And as for simplicity? Please, I’ve never faced a challenge I couldn’t needlessly over-engineer. However, I want to spend as little money as possible on building my own tracker. Otherwise, I’ll sink more time, money, and frustration into this project than it would have cost me just to purchase one. Right, I want to over-engineer something that basically costs me nothing. Sounds alarmingly governmental.
To the Spare Parts Box!
Yeah, that box of spare electronic motors, lasers, gears, pulleys, and miscellaneous awesomeness that somehow magically avoids getting thrown away – much to my wife’s chagrin. I have all the electronics I think I need but I’m a little nervous that I don’t have a motor up to the task. Double doh – I don’t seem to have any functional stepper motors.
Time to think … Google – stepper motors. Yeah, not in this project’s budget. Not overly expensive by any means, but again I want to do this uber-cheap. Arg, think … Test the motors I do have. Yep, it’s obvious that I’m going to struggle to generate the torque I need to move 2 to 6 pounds of gear. Not to mention the challenge of controlling a DC motor with any long-term precision with spare gears and parts. Ok, let’s skip this challenge for now…

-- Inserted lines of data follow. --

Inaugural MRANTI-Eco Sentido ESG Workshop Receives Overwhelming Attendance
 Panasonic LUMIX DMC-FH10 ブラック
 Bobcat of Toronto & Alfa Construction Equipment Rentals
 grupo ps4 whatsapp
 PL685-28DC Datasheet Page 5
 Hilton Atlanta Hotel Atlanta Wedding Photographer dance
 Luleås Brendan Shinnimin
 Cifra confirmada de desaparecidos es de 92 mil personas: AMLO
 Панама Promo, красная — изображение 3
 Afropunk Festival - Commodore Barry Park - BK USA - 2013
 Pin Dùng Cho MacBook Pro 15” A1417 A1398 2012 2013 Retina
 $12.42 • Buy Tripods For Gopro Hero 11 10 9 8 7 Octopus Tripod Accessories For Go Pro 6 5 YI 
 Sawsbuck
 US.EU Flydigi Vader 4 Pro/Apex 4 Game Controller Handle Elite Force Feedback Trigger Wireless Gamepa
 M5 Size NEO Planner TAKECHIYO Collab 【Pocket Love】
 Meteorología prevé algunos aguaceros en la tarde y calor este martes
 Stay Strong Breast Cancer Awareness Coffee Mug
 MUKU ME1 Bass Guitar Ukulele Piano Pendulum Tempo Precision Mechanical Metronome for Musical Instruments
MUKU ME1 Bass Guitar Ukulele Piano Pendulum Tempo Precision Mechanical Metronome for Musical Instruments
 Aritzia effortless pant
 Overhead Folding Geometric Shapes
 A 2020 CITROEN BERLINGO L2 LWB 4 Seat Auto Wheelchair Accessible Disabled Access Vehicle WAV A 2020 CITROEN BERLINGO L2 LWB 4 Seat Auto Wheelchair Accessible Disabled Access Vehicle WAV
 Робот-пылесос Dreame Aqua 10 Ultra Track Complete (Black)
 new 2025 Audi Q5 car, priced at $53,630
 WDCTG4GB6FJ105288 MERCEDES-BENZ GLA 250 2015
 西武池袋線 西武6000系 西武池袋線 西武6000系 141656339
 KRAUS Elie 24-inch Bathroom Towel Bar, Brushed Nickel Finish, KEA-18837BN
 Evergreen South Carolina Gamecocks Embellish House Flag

Think … What about a counterweight system? Hmm, could be a fun experiment but I want something stable and easy to set up and use. Maybe. Wind-up system? Ditto.
Ah, my brain is starting to hurt …
Cue the angels to start singing in the background – Legos!
Oh, Sweet Bricks!
I’m the proud father of four boys. This also means that over the years I’ve also been the proud purveyor of countless Lego sets. No matter where you are in our house, I can all but guarantee you’ll be able to spy a wandering brick or two. That is one building material that we have plenty of around here. And a couple of Lego motors too! Seems like I just solved multiple problems. I may need to bribe a couple of my kids to let me play with their toys, but heck, let’s go for it. Now time to start designing.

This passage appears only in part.